Big Tech construit sa propre électricité

Amazon n'est pas seul. Meta et Google ont commencé à construire leurs propres centrales électriques, en se tournant vers le gaz, le charbon et d'autres sources non renouvelables alors que la demande des centres de données d'IA a explosé. L'administration Trump a cherché à lever les restrictions sur ces centrales.

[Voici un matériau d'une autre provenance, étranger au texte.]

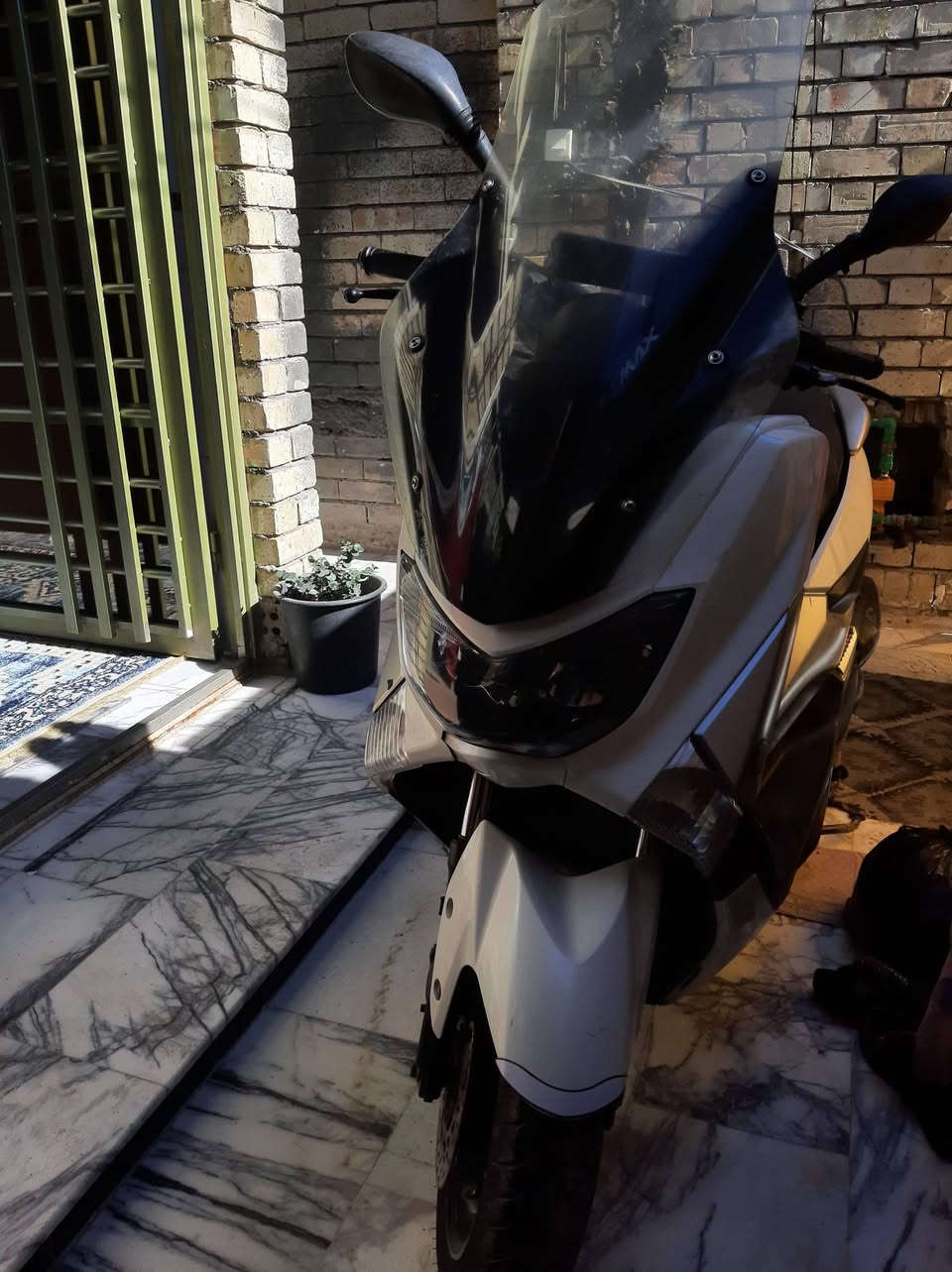 سلام عليكم دراجة ان ماكس ياباني جديدة بمعنى كلمة مكينة مكفولة من كلشي مال رمبة قبل شهرين ونص طلعتها مكاني الشعب ثعالبة رقم ***********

L'économie y est favorable. Lorsqu'une entreprise possède la centrale, les émissions figurent dans ses propres livres plutôt que dans ceux d'un service public, ce qui rend la comptabilité plus difficile à cacher. Une alimentation hors réseau signifie également que la centrale ne répond qu'à un seul acheteur, plutôt qu'à un opérateur de réseau qui doit équilibrer un réseau d'État.

Ce que le permis dit de 2040

Le Climate Pledge, annoncé par Jeff Bezos, a engagé Amazon sur la voie de la neutralité carbone d'ici 2040. Les émissions de l'entreprise ont évolué dans l'autre sens depuis des années. GW Ranch n'a pas besoin de fonctionner à son plafond autorisé pour aggraver l'écart. Chaque heure où ses turbines tournent, le centre de données fonctionne au gaz naturel.

Amazon affirme que son engagement n'a pas changé. Le permis dit autre chose. Une entreprise peut promettre la neutralité carbone d'ici 2040 et soutenir une centrale à gaz autorisée à polluer davantage que la plus grande centrale à charbon du pays. Les deux faits sont vrais, et ils ne cadrent pas. Jusqu'à présent, la réponse d'Amazon est que le monde a changé. C'est vrai ; le chiffre sur le permis, lui, n'a pas changé.